◆ **The data**:
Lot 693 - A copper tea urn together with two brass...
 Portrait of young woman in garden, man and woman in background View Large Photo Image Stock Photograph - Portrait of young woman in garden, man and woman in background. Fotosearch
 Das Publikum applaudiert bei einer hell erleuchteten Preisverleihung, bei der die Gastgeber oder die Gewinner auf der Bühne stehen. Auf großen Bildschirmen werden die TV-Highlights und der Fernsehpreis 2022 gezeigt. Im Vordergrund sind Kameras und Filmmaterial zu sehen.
---
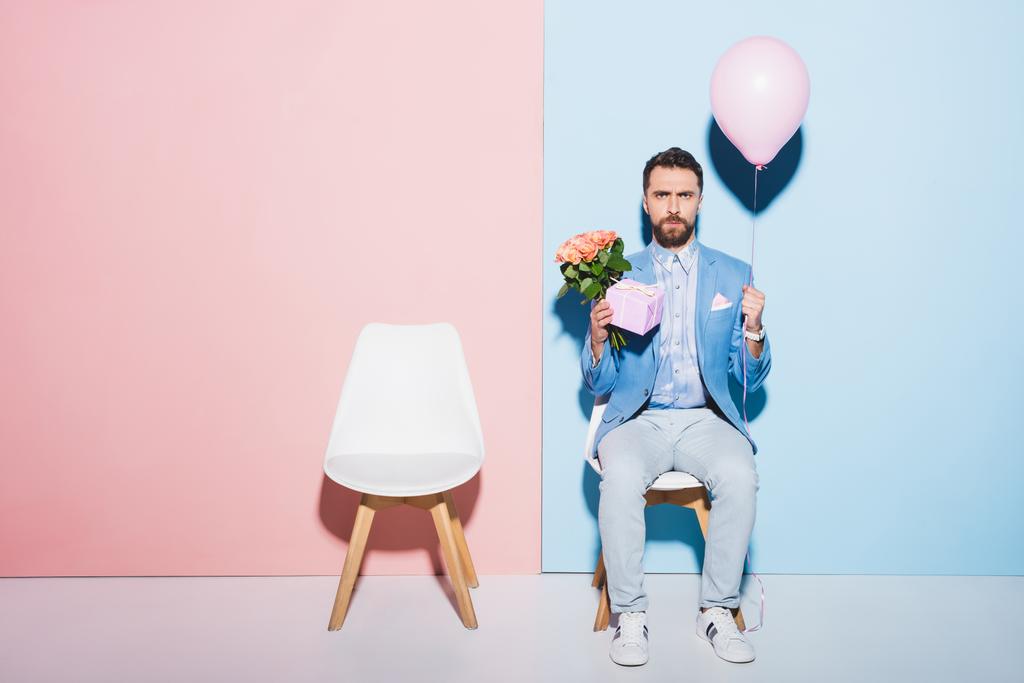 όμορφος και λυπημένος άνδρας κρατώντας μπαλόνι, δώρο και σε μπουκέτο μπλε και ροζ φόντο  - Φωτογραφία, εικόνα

◆ **Exercise prompt**: Look through the entries above and quote exactly the lines from the line with "in background. Fotosearch" to the line with "Das Publikum applaudiert", counting both of those lines.

◆ **Answer box**:
 Portrait of young woman in garden, man and woman in background View Large Photo Image Stock Photograph - Portrait of young woman in garden, man and woman in background. Fotosearch
 Das Publikum applaudiert bei einer hell erleuchteten Preisverleihung, bei der die Gastgeber oder die Gewinner auf der Bühne stehen. Auf großen Bildschirmen werden die TV-Highlights und der Fernsehpreis 2022 gezeigt. Im Vordergrund sind Kameras und Filmmaterial zu sehen.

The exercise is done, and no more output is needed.